== Segment start ==
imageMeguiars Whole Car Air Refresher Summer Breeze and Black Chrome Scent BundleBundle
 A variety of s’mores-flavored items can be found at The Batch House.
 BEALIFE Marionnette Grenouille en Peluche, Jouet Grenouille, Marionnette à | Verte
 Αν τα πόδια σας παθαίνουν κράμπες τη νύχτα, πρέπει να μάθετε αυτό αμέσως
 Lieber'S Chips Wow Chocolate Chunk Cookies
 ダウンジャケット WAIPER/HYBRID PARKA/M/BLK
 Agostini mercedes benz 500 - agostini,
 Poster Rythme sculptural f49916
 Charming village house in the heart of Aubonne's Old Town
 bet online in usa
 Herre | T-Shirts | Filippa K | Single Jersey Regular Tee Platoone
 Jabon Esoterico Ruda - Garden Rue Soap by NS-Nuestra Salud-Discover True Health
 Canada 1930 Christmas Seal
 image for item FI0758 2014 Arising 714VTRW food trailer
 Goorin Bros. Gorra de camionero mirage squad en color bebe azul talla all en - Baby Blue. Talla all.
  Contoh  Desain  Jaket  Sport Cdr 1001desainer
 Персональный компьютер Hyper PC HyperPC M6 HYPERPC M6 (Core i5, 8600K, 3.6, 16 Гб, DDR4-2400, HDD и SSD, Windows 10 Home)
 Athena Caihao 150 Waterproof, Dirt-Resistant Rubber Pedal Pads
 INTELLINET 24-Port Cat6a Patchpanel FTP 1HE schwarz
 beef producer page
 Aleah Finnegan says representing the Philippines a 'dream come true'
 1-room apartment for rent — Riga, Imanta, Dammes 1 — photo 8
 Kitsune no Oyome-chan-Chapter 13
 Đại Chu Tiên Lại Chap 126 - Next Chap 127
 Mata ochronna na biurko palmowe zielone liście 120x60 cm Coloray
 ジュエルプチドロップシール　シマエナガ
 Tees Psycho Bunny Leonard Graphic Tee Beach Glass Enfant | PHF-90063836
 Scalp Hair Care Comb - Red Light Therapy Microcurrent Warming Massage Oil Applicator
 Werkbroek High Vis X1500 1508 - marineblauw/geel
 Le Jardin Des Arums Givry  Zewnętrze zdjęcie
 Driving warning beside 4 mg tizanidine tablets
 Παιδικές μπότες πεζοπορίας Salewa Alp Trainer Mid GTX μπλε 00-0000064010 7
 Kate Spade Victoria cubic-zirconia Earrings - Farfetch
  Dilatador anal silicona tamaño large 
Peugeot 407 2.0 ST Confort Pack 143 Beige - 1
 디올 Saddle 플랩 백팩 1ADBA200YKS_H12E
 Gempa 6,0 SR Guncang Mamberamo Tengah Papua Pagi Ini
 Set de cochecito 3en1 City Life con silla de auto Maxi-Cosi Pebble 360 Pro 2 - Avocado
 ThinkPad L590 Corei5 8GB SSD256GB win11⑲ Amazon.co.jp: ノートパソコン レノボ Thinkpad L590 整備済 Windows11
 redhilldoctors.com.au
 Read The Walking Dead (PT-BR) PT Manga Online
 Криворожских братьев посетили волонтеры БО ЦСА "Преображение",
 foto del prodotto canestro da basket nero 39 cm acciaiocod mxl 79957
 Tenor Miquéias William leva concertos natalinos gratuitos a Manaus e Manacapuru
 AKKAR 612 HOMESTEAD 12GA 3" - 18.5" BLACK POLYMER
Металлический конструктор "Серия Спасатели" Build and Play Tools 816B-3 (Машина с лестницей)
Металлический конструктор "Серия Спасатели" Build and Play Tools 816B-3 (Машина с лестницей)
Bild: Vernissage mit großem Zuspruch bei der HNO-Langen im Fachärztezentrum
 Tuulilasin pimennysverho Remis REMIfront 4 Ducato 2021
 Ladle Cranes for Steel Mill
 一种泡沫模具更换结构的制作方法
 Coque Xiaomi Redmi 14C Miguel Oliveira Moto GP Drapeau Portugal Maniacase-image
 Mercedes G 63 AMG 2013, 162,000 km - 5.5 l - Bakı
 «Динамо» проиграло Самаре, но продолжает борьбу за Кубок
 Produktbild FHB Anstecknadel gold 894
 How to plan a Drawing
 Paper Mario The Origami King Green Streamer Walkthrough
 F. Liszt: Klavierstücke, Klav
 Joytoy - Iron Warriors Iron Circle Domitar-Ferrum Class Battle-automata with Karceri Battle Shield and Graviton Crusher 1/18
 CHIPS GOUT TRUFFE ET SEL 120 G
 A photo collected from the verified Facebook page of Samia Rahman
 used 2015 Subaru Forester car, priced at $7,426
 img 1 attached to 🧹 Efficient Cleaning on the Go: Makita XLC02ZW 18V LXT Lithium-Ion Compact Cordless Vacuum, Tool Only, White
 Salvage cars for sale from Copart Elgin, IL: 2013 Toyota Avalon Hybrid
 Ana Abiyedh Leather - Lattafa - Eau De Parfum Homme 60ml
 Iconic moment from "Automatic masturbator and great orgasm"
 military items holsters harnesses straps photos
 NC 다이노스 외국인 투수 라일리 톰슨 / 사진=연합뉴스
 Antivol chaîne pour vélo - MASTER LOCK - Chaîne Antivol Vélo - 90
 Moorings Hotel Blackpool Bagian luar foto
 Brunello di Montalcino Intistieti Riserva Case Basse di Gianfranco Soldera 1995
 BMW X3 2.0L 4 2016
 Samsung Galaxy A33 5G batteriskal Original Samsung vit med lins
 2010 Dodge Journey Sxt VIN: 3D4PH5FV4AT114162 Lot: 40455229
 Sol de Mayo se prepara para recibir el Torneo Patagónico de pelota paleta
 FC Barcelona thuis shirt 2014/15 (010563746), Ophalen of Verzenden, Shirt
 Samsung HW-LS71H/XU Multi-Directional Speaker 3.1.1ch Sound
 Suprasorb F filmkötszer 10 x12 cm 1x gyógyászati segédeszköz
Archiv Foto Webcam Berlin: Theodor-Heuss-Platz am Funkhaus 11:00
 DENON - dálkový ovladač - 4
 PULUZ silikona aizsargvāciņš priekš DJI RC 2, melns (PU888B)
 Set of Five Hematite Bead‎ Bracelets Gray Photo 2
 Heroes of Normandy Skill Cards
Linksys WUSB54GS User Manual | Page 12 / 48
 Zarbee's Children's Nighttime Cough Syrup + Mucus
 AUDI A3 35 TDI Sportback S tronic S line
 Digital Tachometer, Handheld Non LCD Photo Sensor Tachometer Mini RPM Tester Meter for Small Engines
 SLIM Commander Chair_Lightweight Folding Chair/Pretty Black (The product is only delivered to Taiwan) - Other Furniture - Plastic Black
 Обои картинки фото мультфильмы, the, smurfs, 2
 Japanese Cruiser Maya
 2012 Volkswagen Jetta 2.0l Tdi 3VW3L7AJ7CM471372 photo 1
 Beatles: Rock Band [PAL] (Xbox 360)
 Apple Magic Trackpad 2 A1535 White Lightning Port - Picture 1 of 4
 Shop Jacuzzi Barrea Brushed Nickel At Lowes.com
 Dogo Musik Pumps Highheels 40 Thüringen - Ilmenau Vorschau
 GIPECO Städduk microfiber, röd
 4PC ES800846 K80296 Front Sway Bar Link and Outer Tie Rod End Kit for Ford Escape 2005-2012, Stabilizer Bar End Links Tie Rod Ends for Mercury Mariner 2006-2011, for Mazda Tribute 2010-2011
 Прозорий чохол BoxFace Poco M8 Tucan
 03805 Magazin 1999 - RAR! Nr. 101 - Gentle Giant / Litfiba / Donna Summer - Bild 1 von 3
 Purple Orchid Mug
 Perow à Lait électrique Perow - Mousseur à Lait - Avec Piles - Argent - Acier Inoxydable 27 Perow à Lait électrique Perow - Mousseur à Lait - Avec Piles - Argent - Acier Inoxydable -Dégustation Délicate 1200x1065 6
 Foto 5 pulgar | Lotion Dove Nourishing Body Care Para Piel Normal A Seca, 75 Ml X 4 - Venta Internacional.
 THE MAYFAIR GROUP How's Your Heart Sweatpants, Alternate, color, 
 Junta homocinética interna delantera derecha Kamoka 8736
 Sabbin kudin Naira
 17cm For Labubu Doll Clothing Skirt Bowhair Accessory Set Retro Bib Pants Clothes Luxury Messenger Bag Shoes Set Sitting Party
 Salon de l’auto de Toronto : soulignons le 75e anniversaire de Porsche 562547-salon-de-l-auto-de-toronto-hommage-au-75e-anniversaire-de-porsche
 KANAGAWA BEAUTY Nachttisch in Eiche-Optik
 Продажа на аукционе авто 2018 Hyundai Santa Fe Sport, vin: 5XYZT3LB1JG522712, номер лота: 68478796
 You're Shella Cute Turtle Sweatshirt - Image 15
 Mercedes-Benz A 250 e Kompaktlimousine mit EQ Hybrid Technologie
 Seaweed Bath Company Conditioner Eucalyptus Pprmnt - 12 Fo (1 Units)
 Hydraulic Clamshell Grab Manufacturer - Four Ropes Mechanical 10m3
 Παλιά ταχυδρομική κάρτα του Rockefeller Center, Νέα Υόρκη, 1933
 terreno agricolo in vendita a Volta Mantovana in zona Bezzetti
== Segment end ==
### Work order
For this exercise, output exactly the lines above from the line with "GIPECO Städduk microfiber, röd" to the line with "17cm For Labubu", counting both, and leave out the rest.

### Exercise result
 GIPECO Städduk microfiber, röd
 4PC ES800846 K80296 Front Sway Bar Link and Outer Tie Rod End Kit for Ford Escape 2005-2012, Stabilizer Bar End Links Tie Rod Ends for Mercury Mariner 2006-2011, for Mazda Tribute 2010-2011
 Прозорий чохол BoxFace Poco M8 Tucan
 03805 Magazin 1999 - RAR! Nr. 101 - Gentle Giant / Litfiba / Donna Summer - Bild 1 von 3
 Purple Orchid Mug
 Perow à Lait électrique Perow - Mousseur à Lait - Avec Piles - Argent - Acier Inoxydable 27 Perow à Lait électrique Perow - Mousseur à Lait - Avec Piles - Argent - Acier Inoxydable -Dégustation Délicate 1200x1065 6
 Foto 5 pulgar | Lotion Dove Nourishing Body Care Para Piel Normal A Seca, 75 Ml X 4 - Venta Internacional.
 THE MAYFAIR GROUP How's Your Heart Sweatpants, Alternate, color, 
 Junta homocinética interna delantera derecha Kamoka 8736
 Sabbin kudin Naira
 17cm For Labubu Doll Clothing Skirt Bowhair Accessory Set Retro Bib Pants Clothes Luxury Messenger Bag Shoes Set Sitting Party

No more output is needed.